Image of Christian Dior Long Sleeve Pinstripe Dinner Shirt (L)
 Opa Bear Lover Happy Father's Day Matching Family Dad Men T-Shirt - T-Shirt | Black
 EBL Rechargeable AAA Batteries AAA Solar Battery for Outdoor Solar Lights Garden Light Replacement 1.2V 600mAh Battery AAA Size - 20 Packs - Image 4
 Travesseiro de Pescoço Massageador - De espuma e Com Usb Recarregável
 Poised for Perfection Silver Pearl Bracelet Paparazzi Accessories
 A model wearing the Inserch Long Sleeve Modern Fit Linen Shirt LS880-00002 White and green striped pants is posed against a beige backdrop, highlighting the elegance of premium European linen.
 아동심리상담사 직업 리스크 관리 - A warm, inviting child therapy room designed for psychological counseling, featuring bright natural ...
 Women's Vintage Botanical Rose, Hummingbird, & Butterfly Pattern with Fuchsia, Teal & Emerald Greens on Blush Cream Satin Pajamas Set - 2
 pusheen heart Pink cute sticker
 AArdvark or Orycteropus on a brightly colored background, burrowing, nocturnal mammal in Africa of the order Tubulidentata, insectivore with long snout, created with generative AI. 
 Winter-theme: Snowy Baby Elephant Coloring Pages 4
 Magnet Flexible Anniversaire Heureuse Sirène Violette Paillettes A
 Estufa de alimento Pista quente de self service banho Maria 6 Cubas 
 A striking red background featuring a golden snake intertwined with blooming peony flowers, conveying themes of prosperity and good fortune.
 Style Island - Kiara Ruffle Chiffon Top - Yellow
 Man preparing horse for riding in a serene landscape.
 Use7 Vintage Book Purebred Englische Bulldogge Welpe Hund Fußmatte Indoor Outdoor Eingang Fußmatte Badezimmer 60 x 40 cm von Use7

* WORK REQUEST *
Retype, exactly as written, everything from the first line of the data above through the line containing "EBL Rechargeable AAA". Nothing else should appear.

* RESULT FOR THIS EXERCISE *
Image of Christian Dior Long Sleeve Pinstripe Dinner Shirt (L)
 Opa Bear Lover Happy Father's Day Matching Family Dad Men T-Shirt - T-Shirt | Black
 EBL Rechargeable AAA Batteries AAA Solar Battery for Outdoor Solar Lights Garden Light Replacement 1.2V 600mAh Battery AAA Size - 20 Packs - Image 4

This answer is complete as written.